Após ataque, presidente do STF apela para ‘novo recomeço’
Por: Ana Cláudia Leocádio
14 de novembro de 2024
BRASÍLIA (DF) – O presidente do Supremo Tribunal Federal (STF), Luís Roberto Barroso, fez um apelo à sociedade brasileira para um “novo recomeço, com civilidade, com respeito, com a capacidade de divergir sem precisar desqualificar quem pensar de maneira diferente”. A declaração foi feita ao abrir a sessão do plenário da Corte, na tarde desta quinta-feira, 14, e comentar o episódio ocorrido na noite anterior, em que um homem morreu ao detonar artefatos explosivos contra o tribunal e depois contra em si próprio, na Praça dos Três Poderes e no estacionamento da Câmara dos Deputados.

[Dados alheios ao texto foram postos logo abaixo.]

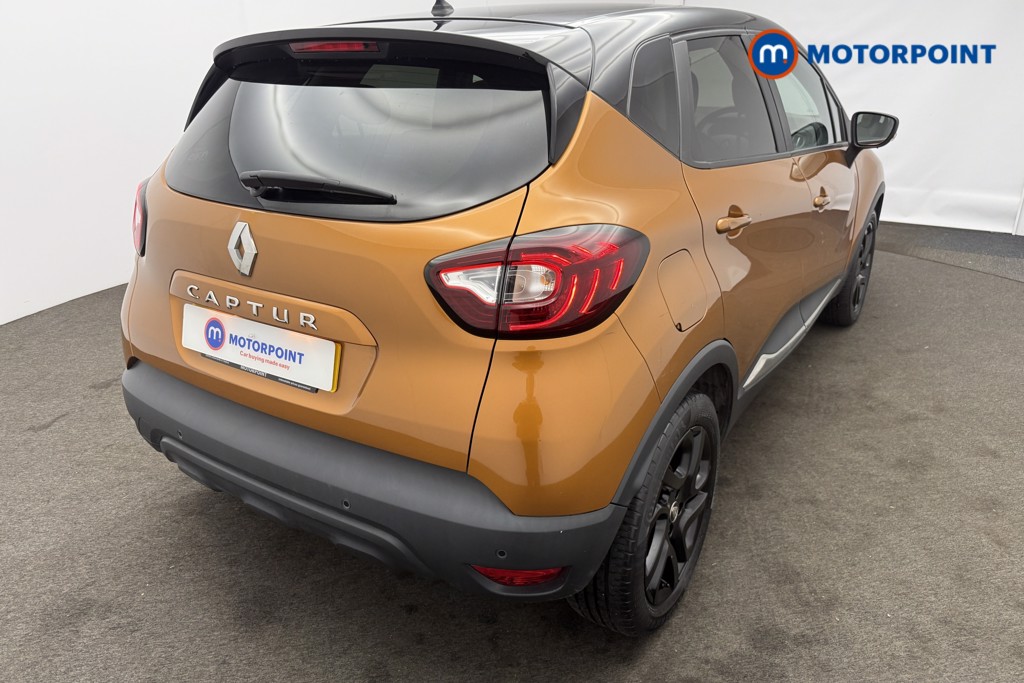 Renault Captur Iconic Manual Petrol SUV - Stock Number (1581182) - 7th supplementary image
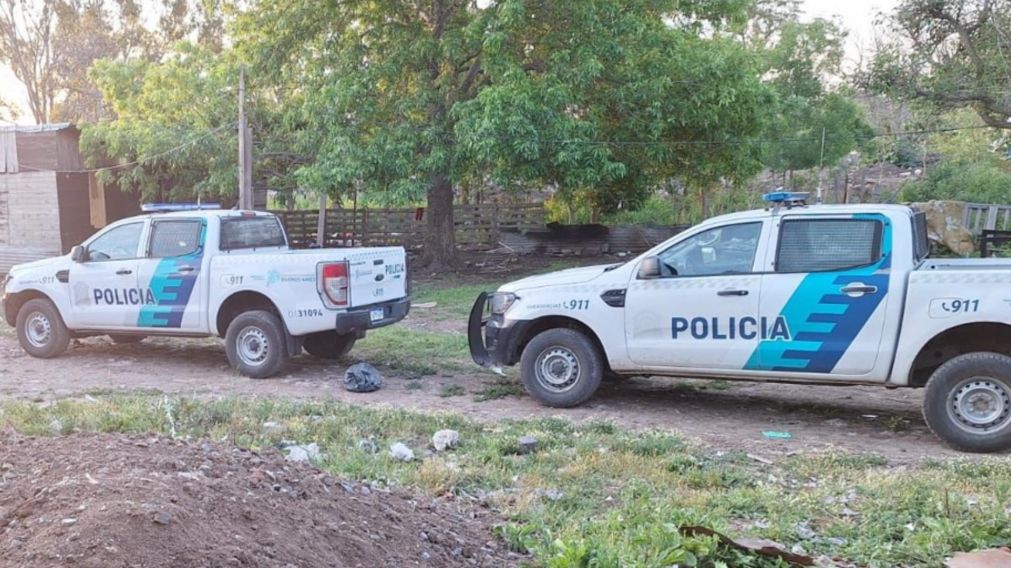 Los policías desplegaron un operativo para reducir a los sospechosos.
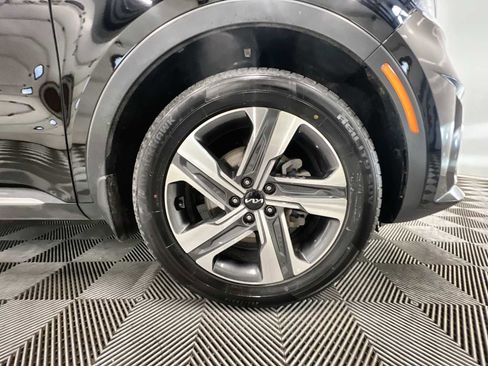 Used 2023 Kia Sorento EX image 18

“Apesar de ainda estarmos no calor das apurações, nós precisamos, como País e como sociedade, fazer uma reflexão profunda sobre o que que está acontecendo entre nós. Onde foi que nós perdemos a luz, a nossa alma afetuosa, alegre e fraterna para a escuridão do ódio, da agressividade e da violência? Estamos importando mercadorias espiritualmente defeituosas de outros países, que se desencontraram na história”, afirmou o ministro.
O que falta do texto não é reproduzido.